And I think instead of deriving Copy, you can impl operations both on the values as well as on the references (or AsRef?)

LaurentMazare commented 10 months ago

Both of these are actually already done :)

timokoesters commented 10 months ago

Oh that's great, maybe I was using an old version, or it only worked one way.

timokoesters commented 10 months ago

It looks like Tensor + Result is implemented, but not Result + Tensor or Result + Result. It also doesn't work for methods like broadcast_div.

I have another related problem: I'm unable to write a rusty variant for modifying a single index: var[2, 3] += 1, is there a method that can help me with that?

LaurentMazare commented 10 months ago

Re Result + Result I think this is because of the foreign trait limitation of rust so not much that we can do here. Re assigning single values in place, we don't really have an op to do this and it's on purpose as these tend to be really inefficient so we prefer favoring more functional approaches and avoiding accessing data by index. I don't think this has been an issue for all the models we've been looking at so far but if there are some specific models for which this would be a limitation, certainly curious to hear about them.

timokoesters commented 10 months ago

Sorry, you are correct on the Result+Result, but the other combinations will work, as you can see in my example. An idea to even allow result+result is to have all operations return Tensor, but hide the Result internally and only expose it with some getter methods.

I am redoing the "Neural networks from zero to hero" with Candle and one of the first things is building a character combination count matrix (https://youtu.be/PaCmpygFfXo?feature=shared&t=574). This adds 1 to specific entries in the matrix. Another use case would be implementing one-hot encoding.

Anyway, thanks for your quick answers!

timokoesters commented 10 months ago

most common thing is not really the GPU going down but more the GPU running out of memory, using invalid shape

These sound like unrecoverable errors, so it could be okay to panic in these cases?

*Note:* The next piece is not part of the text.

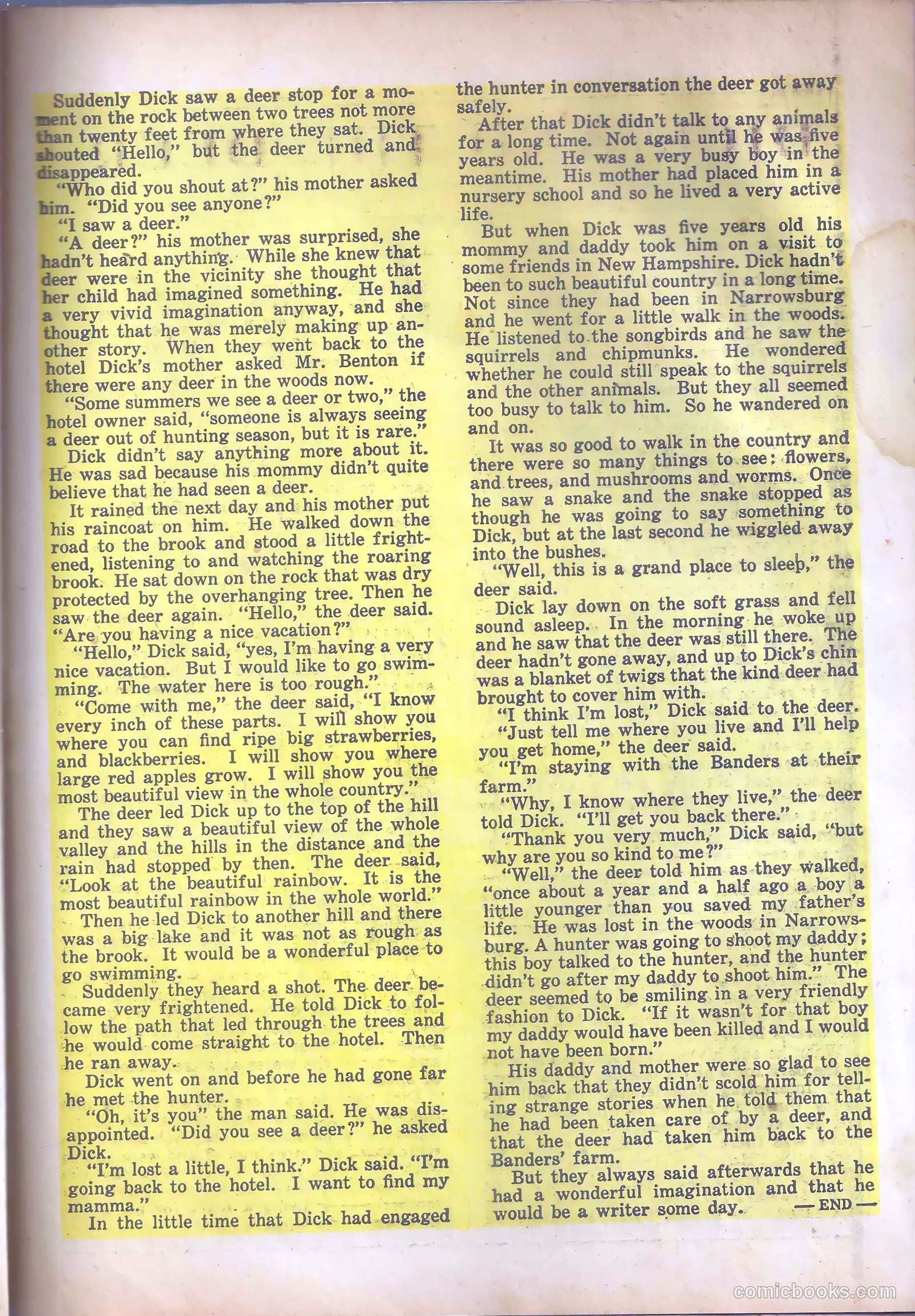 Cosmo Cat #1 (1946) — page 27 of 36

chronicl commented 10 months ago

Making tensors Copy could be achieved by having some global state hold all the information of the tensors and making the tensors themselves ids for retrieving that information. This is commonly done in rust whenever you want a type to be Copy for ergonomic reasons, for example in leptos's reactive systems. Of course this comes along with all of the caveats of dealing with global state.

I do like this idea:

hide the Result internally and only expose it with some getter methods.

this would allow for more ergonomic math and allow users to choose when they want to return early due to an error (if at all). I believe Rust's track_caller can be used to track the location of where the error actually happened, so we wouldn't lose that information.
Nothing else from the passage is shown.